Classical RAG is a fixed pipeline (retrieve, read, answer, every time). Agentic RAG makes retrieval a tool the agent decides whether and when to call. That single change turns a rigid pipeline into a reasoning loop.

RAG in one breath

Given a body of text the model was not trained on, retrieve the passages most relevant to a question, paste them into the model’s context, and answer from them. (How retrieval matches meaning, via embeddings, is a separate subject; treat it as a black box: query in, relevant chunks out.)

Classical vs agentic

	Classical RAG	Agentic RAG
Retrieval	Always, once, before answering	A tool the agent calls on judgment
Decides when to retrieve	No (fixed)	Yes
Can retrieve multiple times	No	Yes (refine and repeat)
Can judge if results suffice	No	Yes (re-search if weak)
Strength	Predictable	Adaptable

The three-question contrast

Q: "What is 15% of 240?"
  classical -> retrieves uselessly, answers      agentic -> no retrieval, "36"
Q: "What's our refund window?"
  classical -> retrieve once, answer             agentic -> retrieve once, answer
Q: "Compare 2023 and 2024 refund policies."
  classical -> retrieve once (half the picture)  agentic -> retrieve both years, compare

Self-correcting retrieval

After a search returns, the agent judges “is this enough?” If not, it refines the query and searches again, the same self-correction as tool failures in Lesson 2.

retrieve("overseas returns")   -> weak, generic
retrieve("international return policy eligibility") -> the actual clause -> answer

What it costs

Agency is not free.
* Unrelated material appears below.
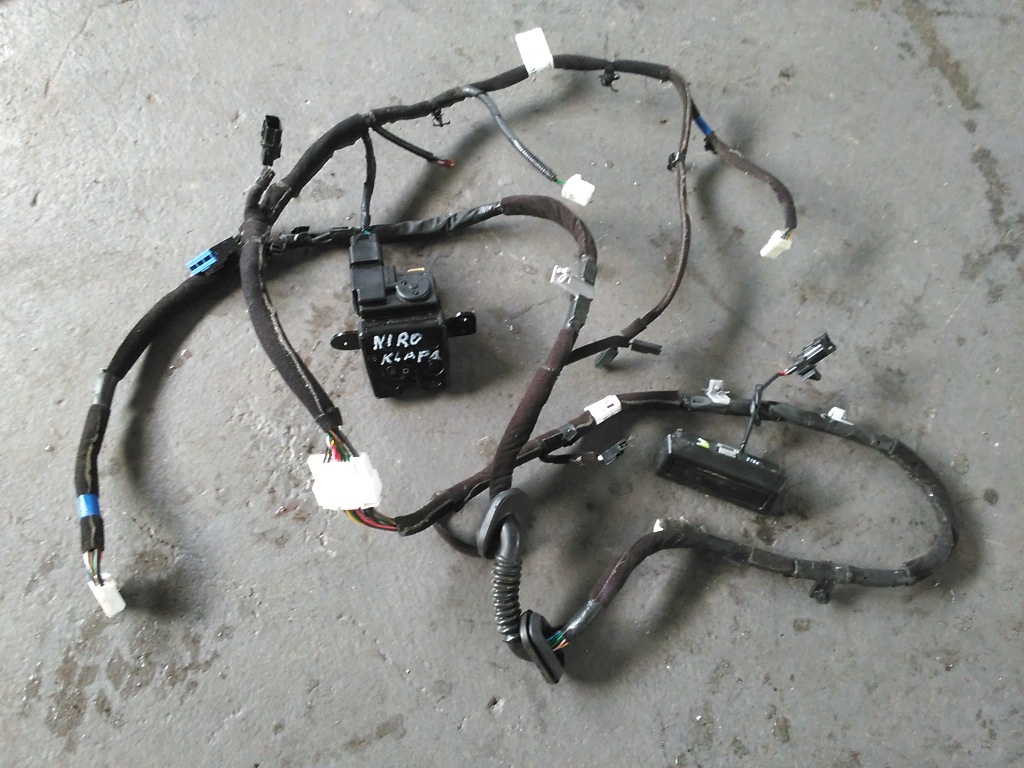 фото №1, Kia niro 2016-18 замок кришки багажника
The agent can skip a retrieval it needed, retrieve when it should have just answered, or loop on a bad query. The fixed pipeline is predictable because it never decides. Use the pipeline when one path serves; use agentic RAG when questions vary.

It reuses earlier pieces

The loop (L1): retrieval is a perceive-decide-act move.
The tool call (L2): retrieval is one tool call.
The tool definition (L4): describe the retrieve tool well or it fires at wrong times.
Memory (L5): retrieval is often how persistent memory gets pulled into a run.

Pitfalls to dodge

Thinking “RAG” is one fixed thing (it covers both the pipeline and the agentic form).
Using agentic RAG when a fixed pipeline would do (one retrieval per question = pipeline).
Forgetting the agent can retrieve badly (wrong time, looping).
Neglecting the retrieve tool’s description (L4 applies in full).
Treating retrieval quality (embeddings, chunking) as the agent’s job; it is a separate problem.

Words to use precisely

RAG: retrieval-augmented generation; pulling external text into the model’s context to answer.
Classical/static RAG: the fixed retrieve-read-answer pipeline.
Agentic RAG: retrieval as a tool the agent dynamically decides to call, repeat, and judge.